Da allora mi sono messo sulle sue tracce ma con scarsi risultati. A distanza di anni i compagni socialisti mi assicurarono che quando sbaraccarono la sede di via Turrisi, tutti i documenti e i diversi quadri che vi si trovavano furono portati via dal segretario Romeo. Compresa una testa in terracotta raffigurante Garibaldi, opera del compagno Peppe Occorso.
Ho scritto diverse volte al benemerito ragioniere Romeo: mail, raccomandate, anche sul suo profilo facebook (post immediatamente rimosso) ma alle mie reiterate domande, tese a sapere che fine avesse fatto il quadro di Matteotti e se era vero che si trovasse a casa sua, Romeo ha sempre ostentato un silenzio tombale che parla e si commenta da sé. E dà delle risposte che conferiscono certezze alle domande.
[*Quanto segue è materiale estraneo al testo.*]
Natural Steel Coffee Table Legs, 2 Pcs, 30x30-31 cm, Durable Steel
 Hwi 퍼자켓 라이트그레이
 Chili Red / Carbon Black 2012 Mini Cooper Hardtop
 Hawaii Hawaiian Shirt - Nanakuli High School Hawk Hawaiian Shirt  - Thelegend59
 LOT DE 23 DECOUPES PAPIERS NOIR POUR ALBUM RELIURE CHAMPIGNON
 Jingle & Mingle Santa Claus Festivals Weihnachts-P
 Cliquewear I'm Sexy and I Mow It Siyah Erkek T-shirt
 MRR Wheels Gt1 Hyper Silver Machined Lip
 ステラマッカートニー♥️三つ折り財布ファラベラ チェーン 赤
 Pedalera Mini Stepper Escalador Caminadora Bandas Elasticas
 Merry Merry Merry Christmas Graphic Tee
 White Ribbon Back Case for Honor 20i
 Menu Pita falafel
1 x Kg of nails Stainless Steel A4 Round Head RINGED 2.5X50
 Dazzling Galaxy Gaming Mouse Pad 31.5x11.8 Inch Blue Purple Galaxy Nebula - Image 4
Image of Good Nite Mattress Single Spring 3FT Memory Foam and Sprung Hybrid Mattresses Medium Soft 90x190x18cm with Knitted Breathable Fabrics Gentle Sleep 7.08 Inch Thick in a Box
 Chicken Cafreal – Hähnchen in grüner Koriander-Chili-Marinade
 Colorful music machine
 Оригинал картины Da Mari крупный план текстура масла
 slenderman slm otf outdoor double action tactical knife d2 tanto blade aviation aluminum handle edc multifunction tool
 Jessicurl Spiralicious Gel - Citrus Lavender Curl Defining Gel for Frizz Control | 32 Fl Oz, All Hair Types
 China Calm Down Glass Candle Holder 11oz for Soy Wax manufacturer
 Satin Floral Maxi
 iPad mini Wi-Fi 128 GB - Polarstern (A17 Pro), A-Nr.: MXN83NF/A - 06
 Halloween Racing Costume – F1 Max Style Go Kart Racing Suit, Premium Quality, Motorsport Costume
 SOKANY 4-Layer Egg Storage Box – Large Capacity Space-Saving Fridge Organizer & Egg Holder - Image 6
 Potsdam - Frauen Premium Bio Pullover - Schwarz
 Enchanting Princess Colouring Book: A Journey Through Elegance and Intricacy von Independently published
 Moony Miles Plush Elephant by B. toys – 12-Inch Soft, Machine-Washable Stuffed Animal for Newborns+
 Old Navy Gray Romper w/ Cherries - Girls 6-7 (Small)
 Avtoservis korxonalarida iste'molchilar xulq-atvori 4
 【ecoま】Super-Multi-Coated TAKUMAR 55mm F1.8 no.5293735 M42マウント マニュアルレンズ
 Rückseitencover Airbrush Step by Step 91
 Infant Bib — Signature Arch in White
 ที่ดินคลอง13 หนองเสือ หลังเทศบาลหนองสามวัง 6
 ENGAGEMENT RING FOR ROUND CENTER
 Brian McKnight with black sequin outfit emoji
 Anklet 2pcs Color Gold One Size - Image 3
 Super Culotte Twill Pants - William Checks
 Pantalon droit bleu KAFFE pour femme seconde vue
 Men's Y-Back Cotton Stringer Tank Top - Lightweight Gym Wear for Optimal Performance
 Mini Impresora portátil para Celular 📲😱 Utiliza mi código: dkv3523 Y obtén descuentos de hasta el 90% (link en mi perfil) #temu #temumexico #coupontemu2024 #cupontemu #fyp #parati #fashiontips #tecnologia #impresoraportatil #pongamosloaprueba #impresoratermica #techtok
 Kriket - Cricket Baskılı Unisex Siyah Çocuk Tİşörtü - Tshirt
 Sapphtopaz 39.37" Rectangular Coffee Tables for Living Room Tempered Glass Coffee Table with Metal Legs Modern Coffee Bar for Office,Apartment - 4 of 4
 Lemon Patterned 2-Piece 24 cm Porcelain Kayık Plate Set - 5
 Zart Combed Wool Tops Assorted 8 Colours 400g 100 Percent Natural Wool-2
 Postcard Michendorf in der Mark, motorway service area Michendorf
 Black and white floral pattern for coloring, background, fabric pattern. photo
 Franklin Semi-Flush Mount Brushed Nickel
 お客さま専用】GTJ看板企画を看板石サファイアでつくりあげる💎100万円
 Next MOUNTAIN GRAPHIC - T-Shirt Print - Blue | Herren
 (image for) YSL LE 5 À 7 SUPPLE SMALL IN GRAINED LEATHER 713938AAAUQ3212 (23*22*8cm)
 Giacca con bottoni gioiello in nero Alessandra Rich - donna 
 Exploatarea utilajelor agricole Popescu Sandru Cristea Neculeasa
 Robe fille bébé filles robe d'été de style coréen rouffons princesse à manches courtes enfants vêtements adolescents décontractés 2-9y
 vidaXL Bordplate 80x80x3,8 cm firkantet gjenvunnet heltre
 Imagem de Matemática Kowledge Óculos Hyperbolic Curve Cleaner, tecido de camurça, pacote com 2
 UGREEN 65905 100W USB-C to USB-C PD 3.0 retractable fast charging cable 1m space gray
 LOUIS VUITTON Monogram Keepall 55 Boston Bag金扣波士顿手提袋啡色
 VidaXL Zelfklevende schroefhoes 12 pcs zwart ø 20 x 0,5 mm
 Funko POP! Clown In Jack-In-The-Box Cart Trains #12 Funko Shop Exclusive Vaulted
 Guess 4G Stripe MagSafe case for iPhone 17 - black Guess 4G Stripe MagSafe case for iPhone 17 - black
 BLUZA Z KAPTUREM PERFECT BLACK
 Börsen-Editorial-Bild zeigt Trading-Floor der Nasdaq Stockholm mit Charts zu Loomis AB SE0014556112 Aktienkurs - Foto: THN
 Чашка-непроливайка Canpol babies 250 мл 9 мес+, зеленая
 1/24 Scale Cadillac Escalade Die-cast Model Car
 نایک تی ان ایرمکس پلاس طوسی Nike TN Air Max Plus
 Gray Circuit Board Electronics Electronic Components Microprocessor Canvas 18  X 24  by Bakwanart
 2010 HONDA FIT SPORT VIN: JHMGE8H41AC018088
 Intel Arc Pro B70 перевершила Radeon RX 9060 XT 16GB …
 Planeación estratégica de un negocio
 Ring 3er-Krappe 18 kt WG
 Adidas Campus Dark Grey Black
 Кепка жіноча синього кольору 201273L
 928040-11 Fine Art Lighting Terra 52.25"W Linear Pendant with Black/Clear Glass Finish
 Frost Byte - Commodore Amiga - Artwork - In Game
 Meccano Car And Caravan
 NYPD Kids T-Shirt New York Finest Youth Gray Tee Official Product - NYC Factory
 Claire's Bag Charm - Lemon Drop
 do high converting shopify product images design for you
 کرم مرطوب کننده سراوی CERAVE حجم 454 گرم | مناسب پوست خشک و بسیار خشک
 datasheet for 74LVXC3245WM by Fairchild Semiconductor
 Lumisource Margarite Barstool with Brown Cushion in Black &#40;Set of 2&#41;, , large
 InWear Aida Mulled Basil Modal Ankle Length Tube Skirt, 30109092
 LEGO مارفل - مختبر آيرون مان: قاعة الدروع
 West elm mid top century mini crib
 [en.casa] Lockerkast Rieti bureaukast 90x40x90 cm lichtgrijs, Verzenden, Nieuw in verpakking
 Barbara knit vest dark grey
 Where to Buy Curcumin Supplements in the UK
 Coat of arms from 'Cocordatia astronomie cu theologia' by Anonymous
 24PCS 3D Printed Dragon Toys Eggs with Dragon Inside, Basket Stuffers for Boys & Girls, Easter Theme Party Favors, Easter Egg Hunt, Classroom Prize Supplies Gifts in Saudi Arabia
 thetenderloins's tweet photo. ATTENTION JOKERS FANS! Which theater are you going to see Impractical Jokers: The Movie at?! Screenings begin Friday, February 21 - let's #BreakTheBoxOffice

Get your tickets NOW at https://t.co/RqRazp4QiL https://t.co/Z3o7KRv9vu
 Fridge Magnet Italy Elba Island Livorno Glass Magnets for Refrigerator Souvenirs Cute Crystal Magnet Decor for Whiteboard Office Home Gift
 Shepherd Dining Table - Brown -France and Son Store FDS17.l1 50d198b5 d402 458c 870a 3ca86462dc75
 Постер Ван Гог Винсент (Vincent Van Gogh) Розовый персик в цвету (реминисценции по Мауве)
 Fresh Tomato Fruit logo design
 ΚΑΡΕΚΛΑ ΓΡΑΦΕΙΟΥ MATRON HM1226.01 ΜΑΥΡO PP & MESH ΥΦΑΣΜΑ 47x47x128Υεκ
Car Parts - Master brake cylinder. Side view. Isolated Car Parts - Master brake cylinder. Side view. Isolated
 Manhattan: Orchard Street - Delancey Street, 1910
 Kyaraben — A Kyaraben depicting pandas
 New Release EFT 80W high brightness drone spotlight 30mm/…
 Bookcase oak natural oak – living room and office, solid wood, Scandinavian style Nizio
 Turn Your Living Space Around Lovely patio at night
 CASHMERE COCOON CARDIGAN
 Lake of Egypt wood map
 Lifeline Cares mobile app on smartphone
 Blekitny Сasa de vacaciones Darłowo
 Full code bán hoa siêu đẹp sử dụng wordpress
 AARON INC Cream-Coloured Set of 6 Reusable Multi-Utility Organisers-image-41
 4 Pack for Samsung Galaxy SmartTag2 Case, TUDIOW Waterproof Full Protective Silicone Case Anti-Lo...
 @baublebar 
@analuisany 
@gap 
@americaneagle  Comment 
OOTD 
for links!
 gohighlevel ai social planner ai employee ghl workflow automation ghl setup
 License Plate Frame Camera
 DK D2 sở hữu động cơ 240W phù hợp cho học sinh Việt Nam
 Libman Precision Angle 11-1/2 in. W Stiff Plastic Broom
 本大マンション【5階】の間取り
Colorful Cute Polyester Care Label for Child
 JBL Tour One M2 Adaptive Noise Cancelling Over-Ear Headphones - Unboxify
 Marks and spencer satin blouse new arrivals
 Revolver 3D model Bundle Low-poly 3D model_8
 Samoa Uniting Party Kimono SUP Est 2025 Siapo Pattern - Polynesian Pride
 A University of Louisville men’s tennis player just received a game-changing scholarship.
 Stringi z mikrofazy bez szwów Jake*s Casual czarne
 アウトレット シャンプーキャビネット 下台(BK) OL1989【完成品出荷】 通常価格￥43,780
Visto che tutti questi tentativi non hanno prodotto alcun effetto mi sono rivolto anche al fratello, chiedendogli la stessa cosa, pensando che potesse indurlo a più miti consigli e illudendomi di avere una risposta. Ma il risultato è stato sempre lo stesso. Silenzio.
Ora qui, al cospetto della platea di lettori di questo blog vorrei chiedere in termini ultimativi all’ex sindaco Romeo se ha intenzione di continuare ad avvalersi della facoltà di non rispondere o se, invece, non ritenga di rompere questo eloquente silenzio e mettere fine a questa antipatica faccenda. Ovviamente a me non interessa venire in possesso del quadro, interessa invece che venga onorata la volontà del suo legittimo proprietario, l’antifascista Rosario Antonio Genchi, che, caduto il fascismo, volle donarlo alla sezione di quel partito della cui ideologia era assolutamente pervaso. Non esistendo più la sezione socialista, ritengo che la sua collocazione naturale sia, non già dove si trova indebitamente da trent’anni, ma insieme agli altri quadri del fondo Paolo Cicero istituito presso il Museo Civico di Castelbuono.